**EXERCISE DETAILS**
For the records that follow, please set down exactly the lines between the one holding "Вішалка SIGNAL Duke Білий, фото 1" and the one holding "Photo 7 of 2009", inclusive, and only those.
### SUPPLIED RECORDS ###
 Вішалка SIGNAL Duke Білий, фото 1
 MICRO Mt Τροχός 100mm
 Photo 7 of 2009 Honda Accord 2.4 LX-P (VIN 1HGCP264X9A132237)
###
### SUPPLIED RECORDS ###
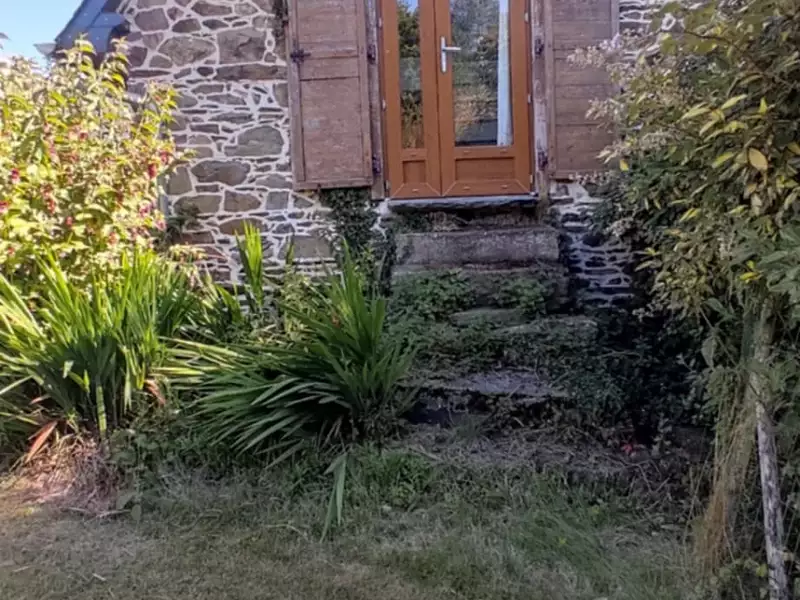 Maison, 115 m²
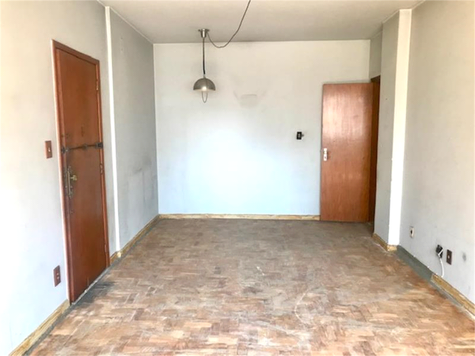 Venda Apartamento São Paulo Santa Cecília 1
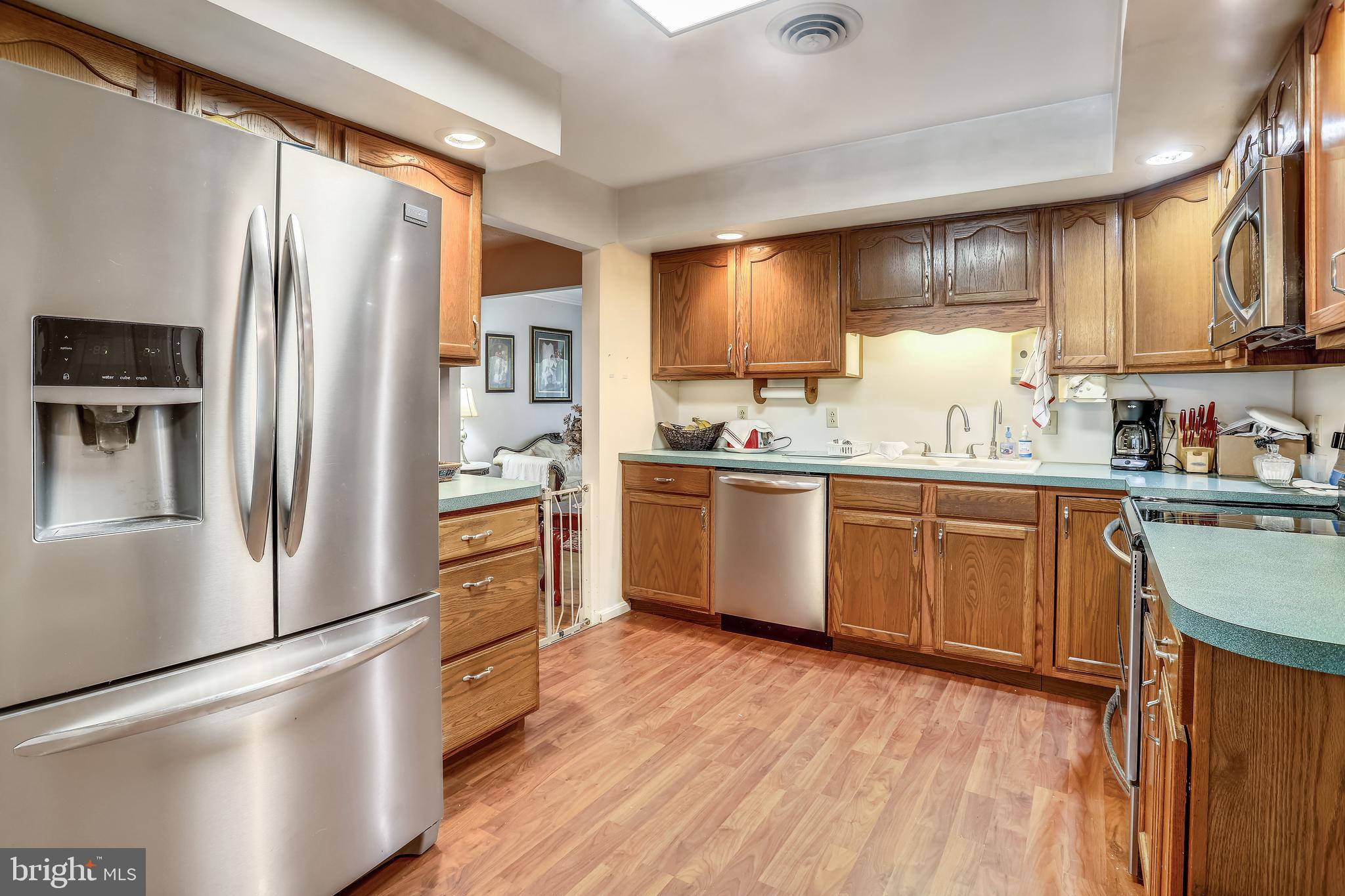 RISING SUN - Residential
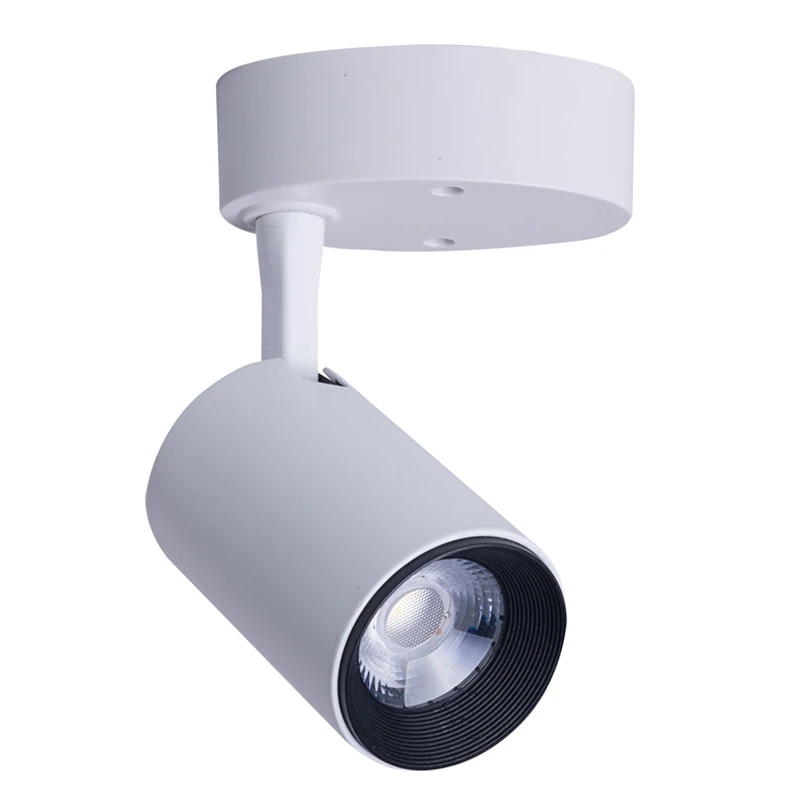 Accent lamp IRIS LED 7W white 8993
###
### SUPPLIED RECORDS ###
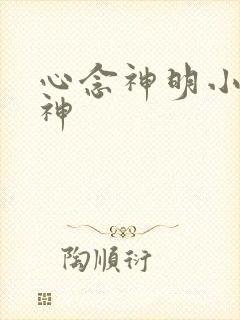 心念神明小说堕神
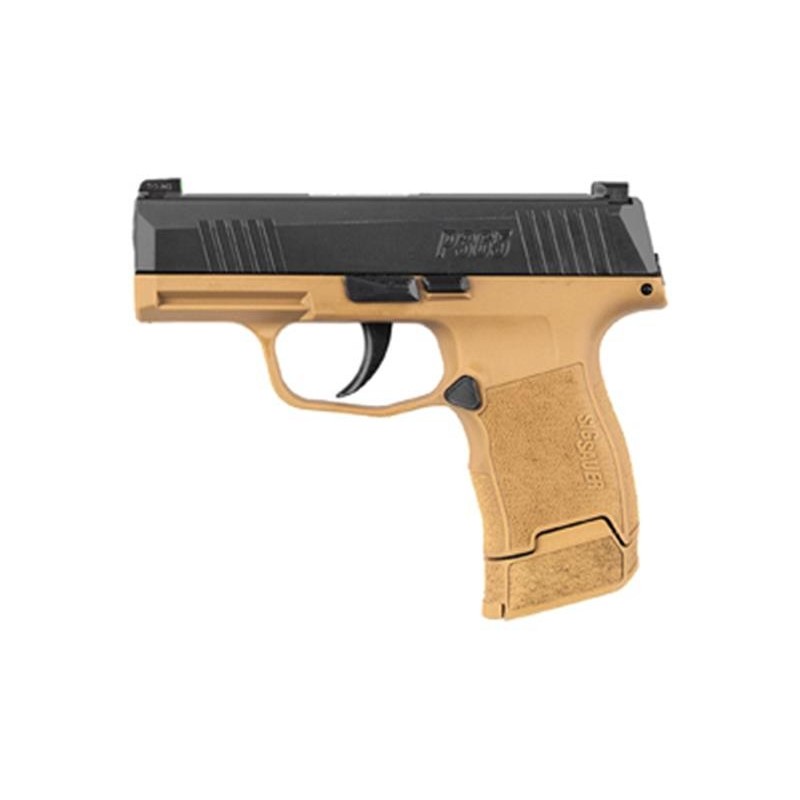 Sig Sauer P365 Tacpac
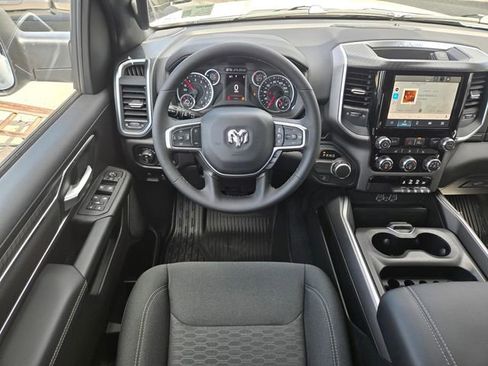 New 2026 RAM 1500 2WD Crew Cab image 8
###
**YOUR RESPONSE**
 Вішалка SIGNAL Duke Білий, фото 1
 MICRO Mt Τροχός 100mm
 Photo 7 of 2009 Honda Accord 2.4 LX-P (VIN 1HGCP264X9A132237)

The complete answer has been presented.